Last night's episode was 'Fleshmarket Close', the latest story and one I'm nearing the end of reading. The story on the TV was so far removed from the book as to lead to question; why call it Fleshmarket Close at all ? The title of the novel comes from the discovery of a pair of skeletons in a pub cellar in Fleshmarket Close, something not included in the TV story at all.

I'm not against trimming the story down to fit in with TV schedules, but if the story is so far removed from the original, and the author was fully involved in the storyline, why not create a completely new tale ?

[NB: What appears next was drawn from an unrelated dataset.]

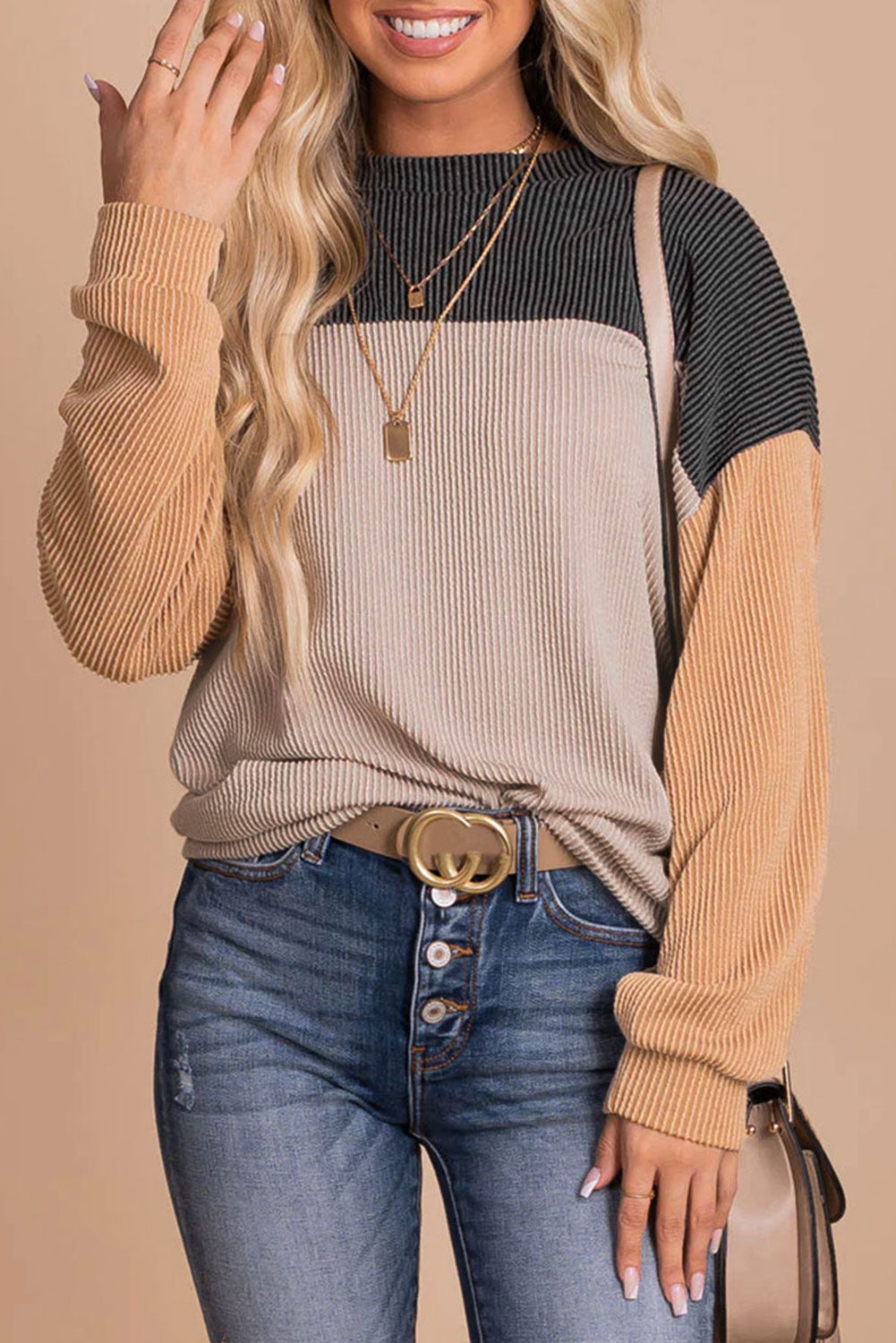 Color Block Ribbed Long Sleeve Top with Casual Fit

At least Ken Stott is a better Rebus than John Hannah. But let's be honest, Penelope Keith would have been a better Rebus than John Hannah!

Monday, March 06, 2006

Kent Police Christmas Party

Free bar ?

Friday March 3 - Old Basford

Started off with a few pints in the best pub in the world, the Fox & Crown. Quite busy, even busier than New Year's Eve. Why is it the best pub in the world ? Any pub that you can walk to, has friendly staff and brews its own (very good) beer is bound to be up there. Any pub that then opens up its own Real Ale shop next door, wins the prize.

A short trip to the White Swan. They usually have a decent guest beer on, but the one on Friday was awful. Double Barrel. Never heard of it before, and won't be having it again.

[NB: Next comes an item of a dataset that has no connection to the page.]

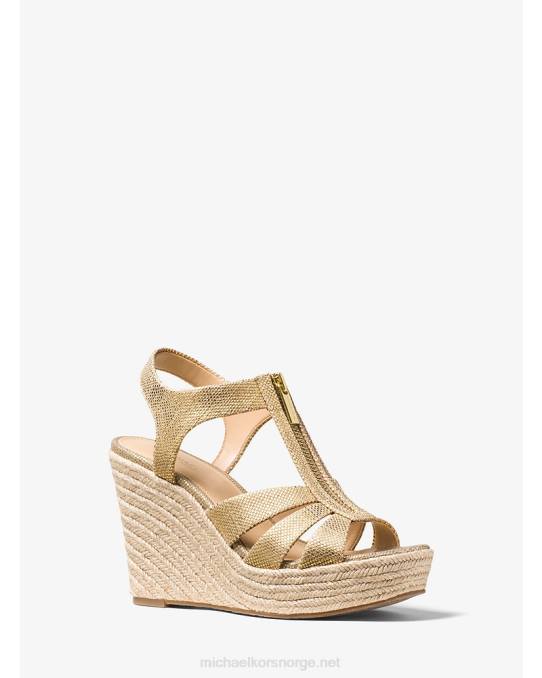 Michael Kors berkley metallisk kilesandal kvinner LDNL1977 blekt gull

A brisk, cold walk to the Nelson for the worst karaokee in the world. Couple of lads arguing at the bar, looking like they're going to kick off. 5 minutes later and they're hugging like long lost brothers.

Onto the Horse & Jockey, into the back room for more karaokee, but livened up by the site of a gang of chavs & chavettes fighting amongst themselves, completely ignoring the baby in the pram at their table. Nice.

Friday, March 03, 2006

White wash alert

The Premier League have set up a probe to look at bungs within the game, as recently highighted by Ian Holloway (now on gardening leave) & Sven Goran Eriksson (leaving after the World Cup).

The leader of this 'probe' is the former Metropolitan Police Commissioner Lord Stevens, more recently involved with a 'probe' into the death of Princess Diana in Paris nearly 9 (nine!) years ago.

Rumours still abound about the Diana accident, pregnancy, drugs, the driver being a secret service agent etc etc, but as yet, nothing.

What's the betting that the bung probe reveals exactly the same level of rumour, theory and ultimately no results.

Reason to visit a psychiatrist

I'm not American, I'm not mentally disturbed and I wasn't breast fed until the age of 25, so the reasons for me feeling the need to visit a psychiatrist are slim.

Until today.

When I was a young boy, my primary school had a fete every year. For the school kids, this was quite a big event, the best bits of work displayed in the hall, pop for sale in the play-ground and the chance to soak the headmaster with wet sponges.

One year, I was on a mission. The year before had seen me finish third in the annual fancy dress competition, dressed as a prisoner complete with ball & chain. But this one year was to be my year, nothing was going to keep me from the top honour. Silver costume completed by me mam, spray painted silver pumps and even a chest wig borrowed from god knows where;

Tonight Matthew, I'm going to be Gary Glitter!

It all seemed so innocent back then, I was a young impressionable school-boy, and Gary was the leader of the gang.

If ever I needed a reason to inflate a psychiatrists bank balance further, this has to be it.

Thursday, March 02, 2006

Room 101 #2 - After Eight Mint Wrappers

Not After Eight Mints themselves, but the people who will eat an After Eight Mint, and then PUT THE WRAPPER BACK IN THE BOX.

These people are the scum of the earth and deserve to have their dangly bits prodded with rusty forks.

Wednesday, March 01, 2006

A tip for the Kent Police

If I was the head of police in Kent, here's what I would do to catch the leader of the gang who stole the money from Securitas:

1, Arrest EVERYBODY in Kent.

2, Charge them all.

3, Release them all on £40m bail.

4, The first one to stick their hand up and say "Is cash OK ?", he's your man.